Wie heuer für Galina Ustwolskaja gibt es auch 2015 einen Komponisten-Schwerpunkt. Eine zweitägige "Hommage an Mieczyslaw Weinberg" bringt Konzerte in den Musikverein, einen Film ins Stadtkino und ein Gespräch ins Festival-Zentrum im Künstlerhaus, das sich "außerordentlich bewährt hat" und bei den kommenden Festwochen auch für sieben Programmpunkte als Veranstaltungsort dient (etwa für Kurzfilme im Rahmen von "U/Tropia. Schauraum und Liegekino"). Das Musikfest findet dagegen von 9. Mai bis 23. Juni im Wiener Konzerthaus statt.

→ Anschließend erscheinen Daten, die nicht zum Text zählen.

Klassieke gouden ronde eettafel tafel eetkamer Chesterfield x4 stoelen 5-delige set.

Im Schauspielprogramm sieht Stefan Schmidtke einen großen Bogen, der mit einer "ganz eigenwilligen Bühnenversion" des Gogol-Romans "Tote Seelen", "The Apple Family Plays" von Richard Nelson, der eine US-Familie als Zeitzeugen der jüngeren Geschichte agieren lässt, sowie einem neuen Blick auf Handkes "Die Stunde da wir nichts voneinander wußten" (Co-Regisseurin Ene-Lis Semper über ihren Kontakt zum Autor, der ihnen alle Freiheiten gewähre: "Ich denke, Herr Handke möchte überrascht werden.") drei zentrale Positionen gleich am Anfang präsentiert. In der Folge gebe es aber auch zahlreiche "Gegenschnitte" wie etwa die theatrale Installation "Under de si", die von den Argentiniern Diego Bianchi und Luis Garay mit 46 Wienerinnen und Wienern ("alles Menschen mit ganz besonderen Talenten") erarbeitet wird. Milo Rau gastiert mit seiner Performance "The Civil Wars", Simon Stone inszeniert im Akademietheater Ibsens "John Gabriel Borkman" mit u.a. Birgit Minichmayr, Caroline Peters, Martin Wuttke und Roland Koch.

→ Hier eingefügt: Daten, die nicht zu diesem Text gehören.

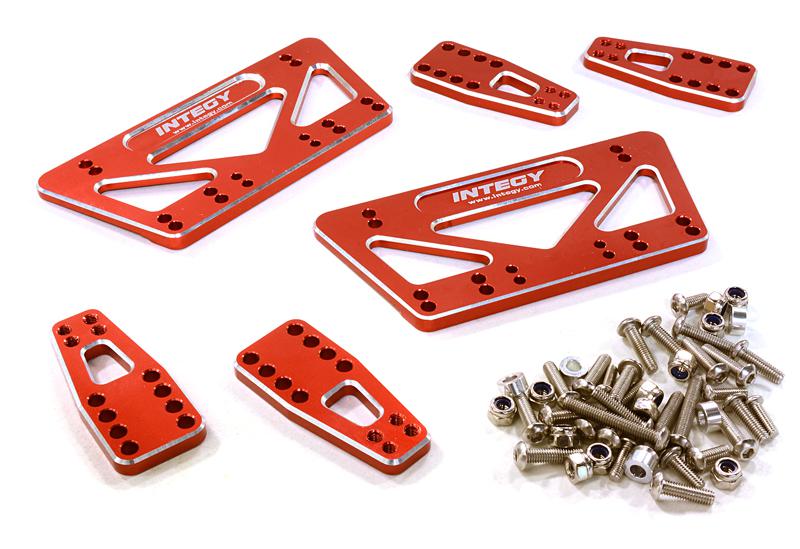 C27015RED CNC Machined Chassis & Shock Mount Lift Kit for Axial 1/10 SCX-10 Scale Crawler - Image 1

Die Festwochen-Schiene "Into the City" trägt den Titel "Hotel Metropole. Der Erinnerung eine Zukunft geben" und wird am 28. Mai am Morzinplatz eröffnet, dort, wo in dem von den Nationalsozialisten unmittelbar nach dem "Anschluss" beschlagnahmten Gründerzeit-Hotel Metropole die größte Gestapo-Leitstelle errichtet worden war. Zwischen 1938 und 1945 wurden hier mindestens 16.000 Menschen verhaftet, verhört, gefoltert, deportiert, ermordet oder in den Tod getrieben. Künstler und Experten werden sich in vier Themenschwerpunkten mit Erinnerungskultur und Geschichtspolitik befassen.

Das Budget bezifferte Geschäftsführer Wolfgang Wais mit 13,5 Mio. Euro, 11 Mio. davon kommen von der Stadt Wien, ein kleiner Betrag auch vom Bund. Dass 2015 um eine Million weniger zur Verfügung steht, begründete Wais mit dem "Ausschlag nach oben", den heuer die große Kraftwerk-Konzertreihe bedeutet habe. Dass der Rathausplatz Song Contest-bedingt 2015 nicht für die Eröffnung zur Verfügung stünde, sei zwar bedauerlich, doch seien die Gespräche mit den Wiener Philharmonikern außerordentlich freundschaftlich verlaufen. Dennoch möchte man 2016 wieder auf dem Rathausplatz eröffnen.